ACTIVITY. Once you have located the line containing "Jumbo Shiro Import non serti" in the material below, return it exactly along with each line after it through the line containing "영동 산지직송 17Brix이상".

RECORDS SUPPLIED.
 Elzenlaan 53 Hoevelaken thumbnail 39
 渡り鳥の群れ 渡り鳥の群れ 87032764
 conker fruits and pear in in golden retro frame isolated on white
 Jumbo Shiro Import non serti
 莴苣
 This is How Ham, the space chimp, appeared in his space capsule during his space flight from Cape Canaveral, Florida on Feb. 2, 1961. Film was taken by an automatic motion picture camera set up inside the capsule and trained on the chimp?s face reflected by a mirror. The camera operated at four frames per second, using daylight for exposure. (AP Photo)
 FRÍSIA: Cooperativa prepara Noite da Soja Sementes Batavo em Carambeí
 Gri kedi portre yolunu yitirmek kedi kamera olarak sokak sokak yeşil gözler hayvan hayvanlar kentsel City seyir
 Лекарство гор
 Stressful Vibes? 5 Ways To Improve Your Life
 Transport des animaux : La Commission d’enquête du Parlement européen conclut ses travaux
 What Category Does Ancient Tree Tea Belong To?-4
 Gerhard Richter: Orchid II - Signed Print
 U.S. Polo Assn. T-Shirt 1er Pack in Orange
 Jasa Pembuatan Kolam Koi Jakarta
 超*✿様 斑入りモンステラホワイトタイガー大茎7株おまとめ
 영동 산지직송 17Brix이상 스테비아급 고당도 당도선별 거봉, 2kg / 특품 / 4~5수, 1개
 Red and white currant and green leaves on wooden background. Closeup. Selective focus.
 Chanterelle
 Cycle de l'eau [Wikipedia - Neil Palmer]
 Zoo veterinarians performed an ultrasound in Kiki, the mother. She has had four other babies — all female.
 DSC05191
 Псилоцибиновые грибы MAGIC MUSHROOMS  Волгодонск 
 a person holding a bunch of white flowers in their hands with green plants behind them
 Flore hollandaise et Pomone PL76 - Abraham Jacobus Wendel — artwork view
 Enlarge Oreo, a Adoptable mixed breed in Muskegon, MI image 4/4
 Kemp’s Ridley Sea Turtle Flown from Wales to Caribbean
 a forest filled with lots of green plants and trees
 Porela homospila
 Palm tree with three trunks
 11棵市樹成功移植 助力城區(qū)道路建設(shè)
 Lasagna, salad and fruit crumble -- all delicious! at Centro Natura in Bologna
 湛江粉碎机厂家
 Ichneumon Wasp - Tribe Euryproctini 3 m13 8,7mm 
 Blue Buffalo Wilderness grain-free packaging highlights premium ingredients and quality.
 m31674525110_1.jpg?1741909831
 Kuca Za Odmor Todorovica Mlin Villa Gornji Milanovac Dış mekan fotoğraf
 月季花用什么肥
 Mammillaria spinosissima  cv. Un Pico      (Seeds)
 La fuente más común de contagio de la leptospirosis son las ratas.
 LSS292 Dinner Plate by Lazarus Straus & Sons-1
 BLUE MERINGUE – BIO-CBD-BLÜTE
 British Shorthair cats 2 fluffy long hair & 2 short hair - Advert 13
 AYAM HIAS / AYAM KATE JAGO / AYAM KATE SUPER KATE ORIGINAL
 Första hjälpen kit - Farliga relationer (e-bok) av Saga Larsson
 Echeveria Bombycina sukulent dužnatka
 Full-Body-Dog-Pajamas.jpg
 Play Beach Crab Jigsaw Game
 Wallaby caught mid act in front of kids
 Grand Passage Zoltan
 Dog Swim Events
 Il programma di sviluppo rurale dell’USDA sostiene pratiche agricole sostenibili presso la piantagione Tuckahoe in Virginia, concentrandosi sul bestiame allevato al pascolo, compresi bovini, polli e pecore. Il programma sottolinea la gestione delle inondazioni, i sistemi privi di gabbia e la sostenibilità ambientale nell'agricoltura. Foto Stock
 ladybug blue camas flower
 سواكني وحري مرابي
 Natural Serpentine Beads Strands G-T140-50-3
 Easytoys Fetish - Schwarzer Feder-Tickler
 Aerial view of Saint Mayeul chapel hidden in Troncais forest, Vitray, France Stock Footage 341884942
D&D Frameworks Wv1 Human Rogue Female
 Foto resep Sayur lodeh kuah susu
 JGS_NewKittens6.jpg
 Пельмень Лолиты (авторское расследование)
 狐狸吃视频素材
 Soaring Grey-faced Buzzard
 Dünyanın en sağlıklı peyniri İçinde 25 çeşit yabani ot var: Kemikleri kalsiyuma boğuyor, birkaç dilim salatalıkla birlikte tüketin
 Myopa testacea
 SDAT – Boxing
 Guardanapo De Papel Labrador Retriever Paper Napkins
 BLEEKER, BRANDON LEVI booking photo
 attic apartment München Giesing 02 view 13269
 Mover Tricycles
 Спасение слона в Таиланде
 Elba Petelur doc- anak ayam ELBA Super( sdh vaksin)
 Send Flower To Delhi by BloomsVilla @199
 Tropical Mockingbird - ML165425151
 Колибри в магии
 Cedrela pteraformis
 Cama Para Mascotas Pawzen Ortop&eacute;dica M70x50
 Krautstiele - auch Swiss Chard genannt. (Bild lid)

SOLUTION BELOW.
 Jumbo Shiro Import non serti
 莴苣
 This is How Ham, the space chimp, appeared in his space capsule during his space flight from Cape Canaveral, Florida on Feb. 2, 1961. Film was taken by an automatic motion picture camera set up inside the capsule and trained on the chimp?s face reflected by a mirror. The camera operated at four frames per second, using daylight for exposure. (AP Photo)
 FRÍSIA: Cooperativa prepara Noite da Soja Sementes Batavo em Carambeí
 Gri kedi portre yolunu yitirmek kedi kamera olarak sokak sokak yeşil gözler hayvan hayvanlar kentsel City seyir
 Лекарство гор
 Stressful Vibes? 5 Ways To Improve Your Life
 Transport des animaux : La Commission d’enquête du Parlement européen conclut ses travaux
 What Category Does Ancient Tree Tea Belong To?-4
 Gerhard Richter: Orchid II - Signed Print
 U.S. Polo Assn. T-Shirt 1er Pack in Orange
 Jasa Pembuatan Kolam Koi Jakarta
 超*✿様 斑入りモンステラホワイトタイガー大茎7株おまとめ
 영동 산지직송 17Brix이상 스테비아급 고당도 당도선별 거봉, 2kg / 특품 / 4~5수, 1개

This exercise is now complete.